I came across this example question while studying Binomial Theorem. Here it is :–
If $n$ is any positive integer, show that the integral part of $(3+√7)^n$ is an odd number.
Suppose $I$ to denote the integral and $f$ the fractional part of $(3+√7)^n$.
Then,
$I+f=3^n+C_13^{n-1}√7+C_23^{n-2}7+C_33^{n-3}(√7)^3+........ —(1)$
Now $3-√7$ is positive and less than $1$, therefore $(3-√7)^n$ is a proper fraction; denote it by $f'$;
$f'=3^n-C_13^{n-1}√7+C_23^{n-2}7-C_33^{n-3}(√7)^3+........ —(2)$
Add together (1) and (2); the irrational terms disappear, and we have
$I+f+f'=2(3^n+C_23^{n-2}7+....)=$ an even integer.

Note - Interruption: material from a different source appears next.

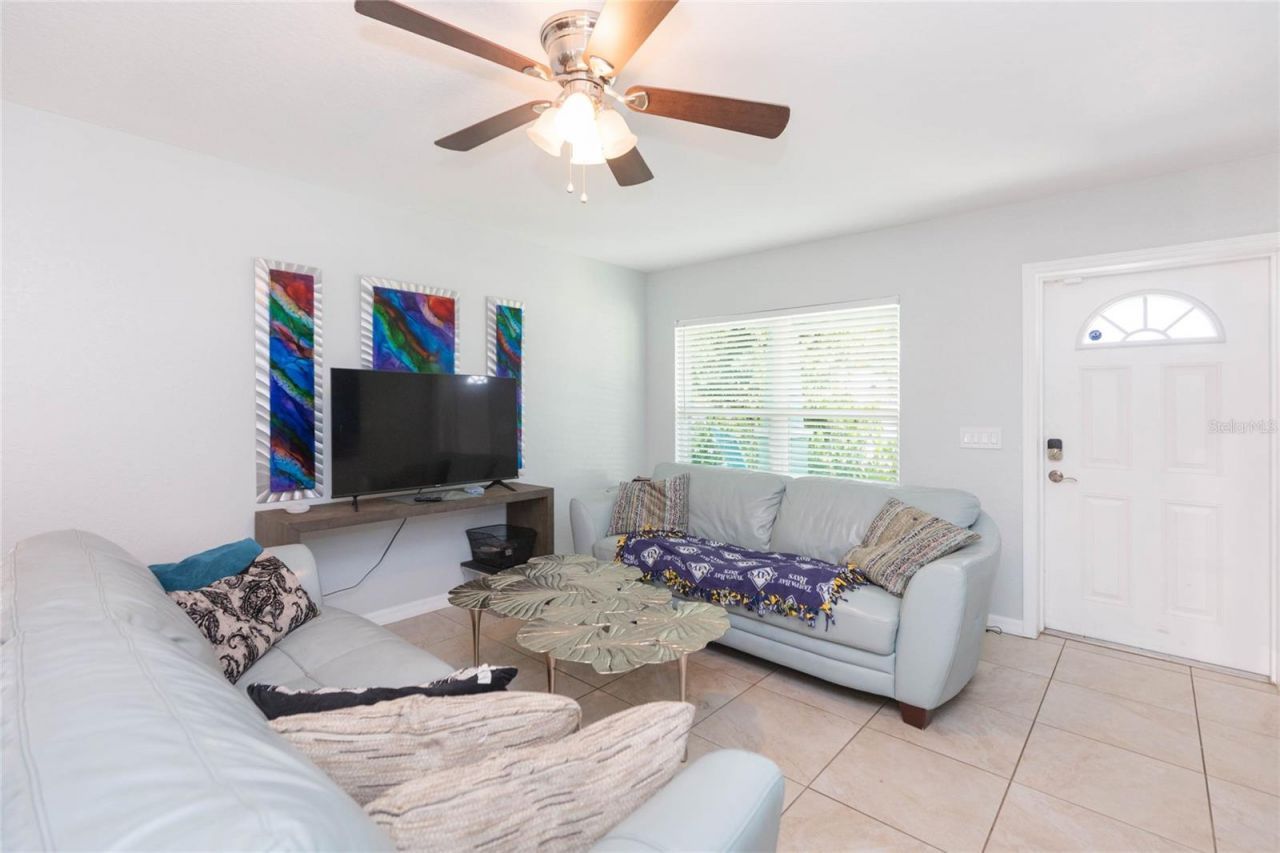 1922 Melrose Avenue S, Saint Petersburg, FL 33715 Photo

But since $f$ and $f'$ are proper fractions their sum must be 1;
I= an odd integer
The only thing I am not able to understand here is-
Why adding any 2 proper fraction gives 1?
Can anyone provide a convincing proof of this?
You have $$ I+f+f'= 2k\ ,\ \text{or}\\ f+f'=2k-I $$ where $\ k\ $ and $\ I\ $ are integers, and $\ f, f'\ $ are proper fractions—that is $\ 0<f,f'< 1\ $. Thus, $\ 0<f+f'<2\ $. Therefore, since $\ f+f'\ $ is an integer, and $1$ is the only integer in the interval $\ (0,2)\ $, it follows that $\ f+f'=1\ $.